This year at the National Communication Association at least two divisions at the conference have blog papers on the prestigious “top paper panel.” I know this because I wrote them. There could be more top papers - there certainly are plenty of papers about the impact and uses of blogs here - but I just haven’t found them yet (it is hard to search for topics in the program).
I say this not to toot my horn (though it certainly might seem that way) but to provide a status report on the state of blog research. I still get some reviews of my work back from journals saying they don’t understand why someone would research blogs. This exposure of blog research in the top paper panels is huge because it signals that not only can there be quality research about blogs - but also that blogs are worth researching.
I wouldn’t call blogs my life’s work - although it has been the focus of much of my work thus far - but I imagine that my interest in communication technology will continue to find me in this position of proclaiming why the next “big thing” is worth researching & examining how it is different from everything else we have known to that point.
Just as blogs are starting to get this hat tip from the academy, the mainstream press seems to have ended its love affair with blogs in that there are more “scare” stories out there talking about the *dangers* of blogs.

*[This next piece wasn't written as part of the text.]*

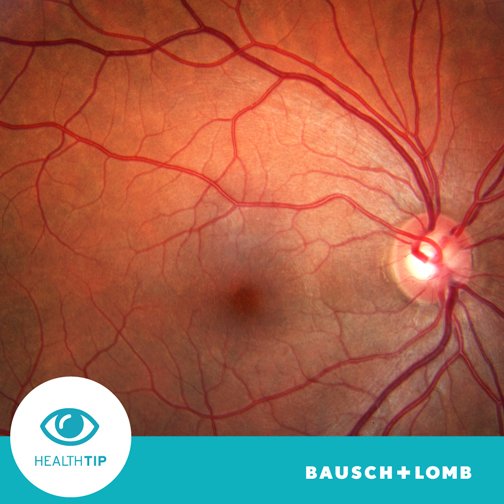 bauschlombca's tweet photo. Your eyes are as incredible on the inside as they are on the inside. Take a look with some #retinalphotography https://t.co/WM9HWleUDJ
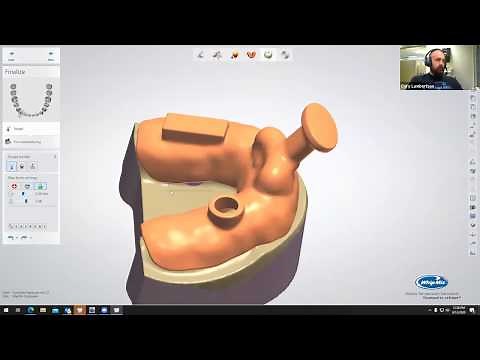 Digital Dentistry Training Series: Custom Impression Tray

Take the front page article in Forbes the November 14, 2005 issue (thanks to Jon Lundberg for pointing it out to me). The title, “Attack of the Blogs,” and the image of a muscular Arnold-like arm coming out of a computer screen to beat up a business man sums up the concept of the article. One pull quote refers to bloggers as “a bunch of sickos” who did “obscene and vile stuff.”
So, to me, it seems appropriate that the academy has endorsed this line of research because it now appears there is much more to examine in regards to the impact of blogs on society, personal communication, & the media.